Si les organismes HLM ne peuvent plus construire ni rénover, ce sont les locataires et les futurs locataires qui seront les plus gros perdants. C’est pourquoi les associations de locataires se sont jointes à ce cri d’alarme lancé par l’URH. Le secteur du bâtiment sera lui aussi impacté. «Aujourd’hui, 15% du chiffre d’affaires des entreprises de bâtiment régional vient du travail fourni par les bailleurs. Si les 10 000 logements construits par an s’arrêtent, c’est un impact sur 30 000 emplois qui se profile. Pour une baisse de 50 euros, on arrive à des conséquences consternantes», met en exergue le président de l’URH.

 

Coup de frein sur la promotion privée

 

Et par ricochet, l’effet sera encore plus important car cet arrêt de l’investissement des bailleurs sociaux va mettre aussi un coup de frein à de nombreux programmes lancés par les promoteurs privés qui doivent comporter une part imposée de logements sociaux.

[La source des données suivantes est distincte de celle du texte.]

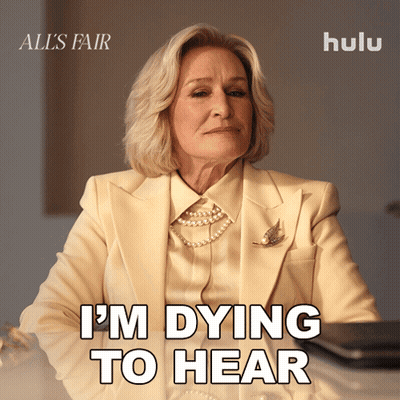 All's Fair Poster Woman In White Suit GIF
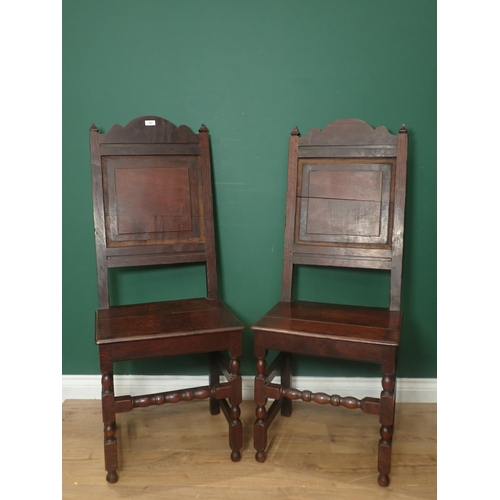 223 - A pair of late 17th Century oak panel back Chairs with solid seats on turned and square front legs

«Nous avons l’obligation de faire 30% de logements sociaux dans nos programmes. Si je n’ai pas de bailleurs je fais comment ? Je me retourne vers la collectivité ? Cette mesure va augmenter significativement la fracture des territoires ce qui semble le comble pour un ministère de la Cohésion des territoires», souligne Philippe Depasse, président de la FPI.

Jean-Pierre Choël, directeur général de Promocil dans le Maubeugeois ajoute: «La promotion immobilière démarre souvent ses opérations car elle a prévendu aux bailleurs une partie des logements. Demain, sans les bailleurs, c’est plus de 60% de la construction neuve qui ne se fera pas. Au bout de trois mois, le carnet de commande des entreprises va s’assécher».

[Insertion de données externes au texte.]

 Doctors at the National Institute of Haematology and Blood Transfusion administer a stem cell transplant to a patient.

«La reprise se fait sentir sur le secteur du bâtiment, il ne faut pas casser cette dynamique», lance Bernard Loison, président de la FFB du Nord Pas-de-Calais.

 

Frein sur le renouvellement urbain

 

«La réforme imposée part d’un constat faussé par ce qui se passe à Paris, qui n’a rien à voir avec ce qui se passe en région. Ce coup de frein de l’investissement des bailleurs va aussi freiner les programmes de renouvellement urbain et de réhabilitation pourtant programmés depuis des années. C’est un souci grave», explique Régis Caillau, vice-président de LMH.

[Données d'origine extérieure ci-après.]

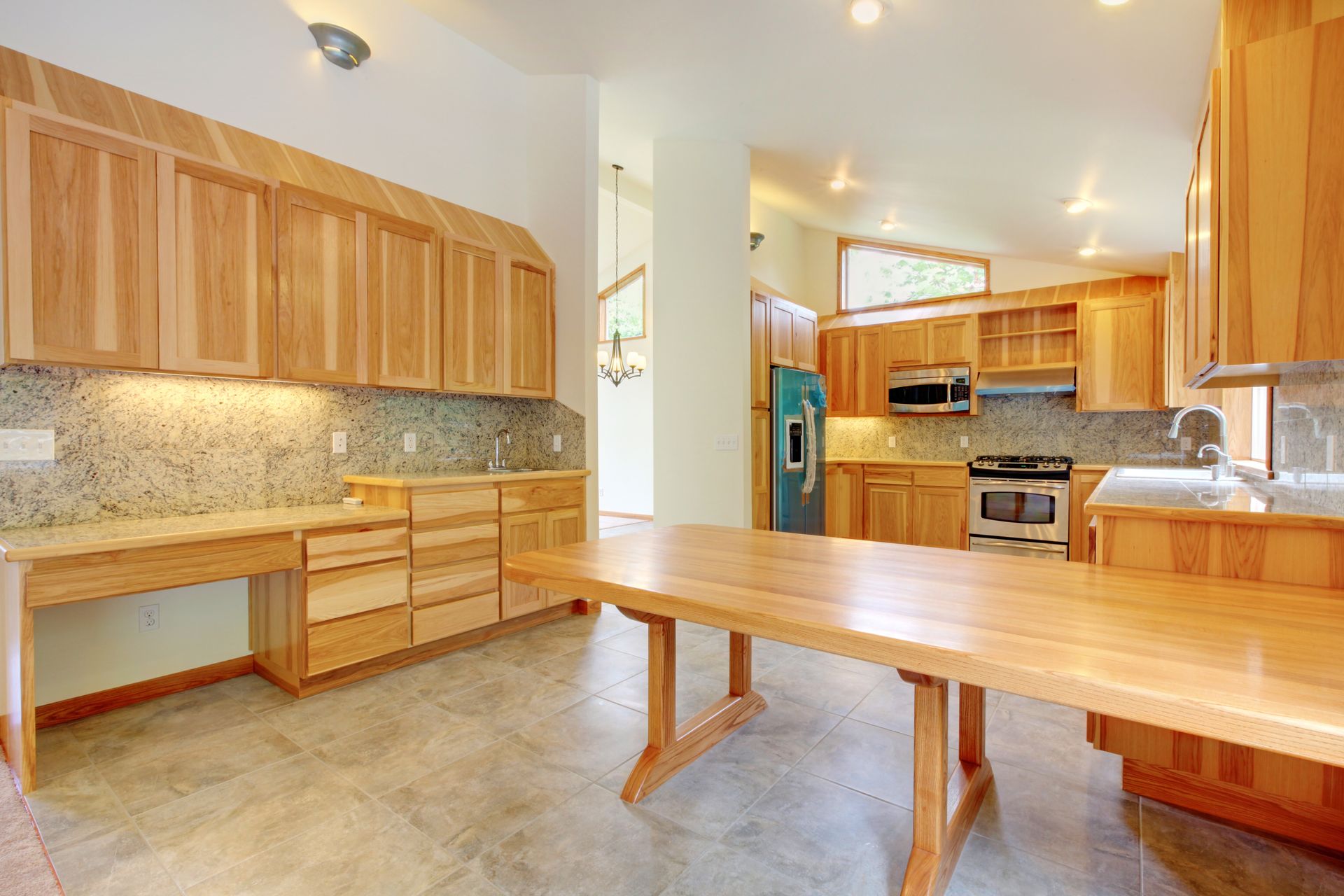 Una cocina vacía con gabinetes de madera y una mesa larga de madera.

Mêmes inquiétudes chez le bailleur du département du Nord, Partenord: «Nous allons perdre 25 millions d’euros, nous n’aurons plus de fonds propres pour réhabiliter et construire. Notre plan d’aide au logement des personnes défavorisées n’existera plus. Nous avons voté une motion sur le sujet », souligne le vice président de Partenord, Michel d’Orgeval.

 

Les familles resteront à la rue

 

«993 enfants de moins de trois ans et 1 000 mineurs n’ont pas de places en hébergement. Si des nouveaux logements sociaux ne sont pas construits il y aura encore plus de gens sans solutions et de familles à la rue», s’inquiète Tiffany Thirolle de la fédération des acteurs de la solidarité.

 

Revente difficile

 

Quant à la revente de patrimoine, Amélie Debrabandere, directrice de LMH, souligne que cette dynamique est déjà enclenchée mais: On a déjà atteint les limites de l’exercice. Avec cette mesure, ce sont les bailleurs sociaux qui logent les plus fragiles qui sont les plus impactés. Pourtant ils font le job. Ils logent, investissent, réhabilitent !».

 

Chiffres-clés

Impact de la baisse des loyers sur la région Hauts-de-France (source URH):

– 23O millions d’euros par an de perte de recettes;

– 1O OOO logements neufs en moins; 

– 4O OOOO logements rénovés en moins;

– 1,4 milliard de chiffre d’affaires en moins pour le bâtiment;

– 8O millions d’euros de TVA en moins pour l’Etat;

– 1/3 des organismes HLM en risque de redressement; 

– 5,39 euros/m2/mois loyer moyen du parc HLM en région.

 

Les Hauts-de-France: un territoire en très forte fragilité sociale (source URH Hauts-de-France)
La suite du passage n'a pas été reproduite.